第一話 日常の異変
僕は空っぽだ。
ドアの向こう側から声が聞こえた。
「おはよう!トニー!朝ごはんできてるよ」
母の声だ。その声で起きるのがオレの一日の始まりだ。
オレは重い体を起こし、部屋のドアを開けた。
ドアを開けた瞬間、パンとスープのいい香りがした。
「おはよう~母さん」
「おはよう、トニー。また夜遅くまで稽古していたの?」
「ふあ~~、うん」
「あんまり無理しすぎると、体壊しちゃうわよ。」
「うん、気を付けるよ」
オレの家庭は、オレと母さんの二人暮らしだ。父さんはこの村と近くの王国を守る王国騎士団の副団長だった。だが、魔物の襲撃があり、そこで父さんは戦死してしまった。
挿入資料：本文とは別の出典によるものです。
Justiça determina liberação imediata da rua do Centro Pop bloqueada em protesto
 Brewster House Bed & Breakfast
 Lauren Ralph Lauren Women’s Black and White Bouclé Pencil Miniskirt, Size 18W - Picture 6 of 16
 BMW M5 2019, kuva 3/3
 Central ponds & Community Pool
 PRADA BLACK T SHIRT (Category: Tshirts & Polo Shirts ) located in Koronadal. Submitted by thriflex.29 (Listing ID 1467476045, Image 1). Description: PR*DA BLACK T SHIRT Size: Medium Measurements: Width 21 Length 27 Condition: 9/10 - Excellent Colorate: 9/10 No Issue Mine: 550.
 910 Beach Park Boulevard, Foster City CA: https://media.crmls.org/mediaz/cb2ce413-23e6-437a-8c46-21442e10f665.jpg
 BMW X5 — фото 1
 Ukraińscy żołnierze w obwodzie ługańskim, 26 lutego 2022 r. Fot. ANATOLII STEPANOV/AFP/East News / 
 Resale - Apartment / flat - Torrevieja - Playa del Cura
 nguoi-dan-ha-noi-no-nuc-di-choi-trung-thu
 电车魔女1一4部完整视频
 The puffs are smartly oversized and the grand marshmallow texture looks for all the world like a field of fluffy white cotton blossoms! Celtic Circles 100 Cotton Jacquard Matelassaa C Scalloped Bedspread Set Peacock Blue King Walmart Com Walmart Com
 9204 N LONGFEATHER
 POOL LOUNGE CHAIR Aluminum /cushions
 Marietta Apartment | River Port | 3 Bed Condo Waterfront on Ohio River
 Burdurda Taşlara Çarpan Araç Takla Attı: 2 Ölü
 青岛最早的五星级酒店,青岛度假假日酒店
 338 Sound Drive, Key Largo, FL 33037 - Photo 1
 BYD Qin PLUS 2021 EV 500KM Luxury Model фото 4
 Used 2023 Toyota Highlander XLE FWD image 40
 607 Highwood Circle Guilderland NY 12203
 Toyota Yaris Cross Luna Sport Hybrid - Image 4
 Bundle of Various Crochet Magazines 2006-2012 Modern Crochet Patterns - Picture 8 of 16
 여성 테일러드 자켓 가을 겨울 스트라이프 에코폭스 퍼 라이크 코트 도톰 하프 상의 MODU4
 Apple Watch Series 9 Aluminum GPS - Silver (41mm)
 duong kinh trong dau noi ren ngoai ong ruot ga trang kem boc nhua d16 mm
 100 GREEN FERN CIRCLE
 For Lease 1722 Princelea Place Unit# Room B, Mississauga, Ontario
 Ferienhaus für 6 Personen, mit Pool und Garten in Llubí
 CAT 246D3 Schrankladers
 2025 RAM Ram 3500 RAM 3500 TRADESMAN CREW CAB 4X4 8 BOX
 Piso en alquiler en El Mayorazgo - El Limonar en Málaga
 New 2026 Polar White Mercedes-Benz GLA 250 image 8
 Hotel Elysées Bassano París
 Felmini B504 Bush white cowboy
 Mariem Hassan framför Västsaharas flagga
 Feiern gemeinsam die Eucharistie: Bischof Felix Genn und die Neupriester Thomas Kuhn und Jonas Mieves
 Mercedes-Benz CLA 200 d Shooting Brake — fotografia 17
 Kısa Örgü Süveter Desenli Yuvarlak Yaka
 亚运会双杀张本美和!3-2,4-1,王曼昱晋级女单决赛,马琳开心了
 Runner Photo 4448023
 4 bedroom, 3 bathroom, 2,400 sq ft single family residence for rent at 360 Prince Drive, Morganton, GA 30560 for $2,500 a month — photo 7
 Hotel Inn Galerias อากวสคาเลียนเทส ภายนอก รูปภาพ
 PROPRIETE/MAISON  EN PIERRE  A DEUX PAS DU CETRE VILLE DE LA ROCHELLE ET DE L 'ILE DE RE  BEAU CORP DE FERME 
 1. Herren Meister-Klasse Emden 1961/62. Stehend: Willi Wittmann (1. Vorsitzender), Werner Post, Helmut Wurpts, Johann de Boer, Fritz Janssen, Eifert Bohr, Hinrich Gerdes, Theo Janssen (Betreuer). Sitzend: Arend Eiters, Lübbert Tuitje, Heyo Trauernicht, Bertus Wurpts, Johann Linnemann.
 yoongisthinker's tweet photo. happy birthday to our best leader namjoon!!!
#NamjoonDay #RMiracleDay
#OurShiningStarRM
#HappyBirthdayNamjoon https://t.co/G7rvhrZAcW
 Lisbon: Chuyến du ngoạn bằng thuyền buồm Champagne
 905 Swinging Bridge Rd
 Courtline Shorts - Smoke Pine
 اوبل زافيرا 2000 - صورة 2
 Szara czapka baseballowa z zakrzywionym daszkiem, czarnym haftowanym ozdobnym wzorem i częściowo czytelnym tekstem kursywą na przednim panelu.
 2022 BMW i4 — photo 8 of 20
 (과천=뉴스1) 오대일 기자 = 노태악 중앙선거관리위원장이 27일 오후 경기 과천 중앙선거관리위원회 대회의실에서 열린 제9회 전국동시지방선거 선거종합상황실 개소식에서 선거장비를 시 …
その知らせを聞いて、母は泣き崩れてしまった。その姿を見て、オレは母を守るために強くなると決めた。
それから約五年がたち、オレは16歳になった。
「今日も騎士校に行くんでしょ?」
「うん、夕方までには帰ってくるよ」
「気を付けてね。最近、道中で魔物がまた出てきてるって噂になってるし。」
「わかったよ。その時は全力で逃げるよ。逃げ足だけは取り柄だからさ!じゃ、ごちそうさま。」
「いってらっしゃい。」
「いってきます!」
オレが家を出るのは早朝、ここから近くの王国にある騎士校まで、約五時間はかかる。最初は、道中で、へとへとになって、何回も遅刻をしていた。でも、今は騎士校に一番に着くくらい体力が上がった。
「この道もだいぶ慣れてきたな。」
駆け足で、森を走り木と木の間をスイスイと抜けていく。
「お!そろそろ滝のとこだな。」
森を抜け、視界が広がり、滝が見えた。滝のほうに一瞬目を向けたその時、人のようなのが立っているのをみた。
「えっ!?」
その姿は、黒いローブを被り、左には杖のようなものを持っていて、右手は滝に伸ばしていた。
だが、その右手は、人間の手ではなく、骨であった。そして、その人影はこちらに振り向き、目が合った。フードで顔全体は見えなかったが、その隙間から見えたのは、骨だった。それはまるで、有名な魔物種エルダーリッチのようだった。
コンクは駆けていた足を止めた。そして、もう一度滝のほうを見た。しかし、さっき立っていた人影はいなかった。
「あれ?見間違いか?」
辺りを見渡したが、やはり見つからない。トニーは頭を搔きながら、また駆けだした。
ザッ
その駆ける後ろ姿を森の奥で、先程の人影が見ていた。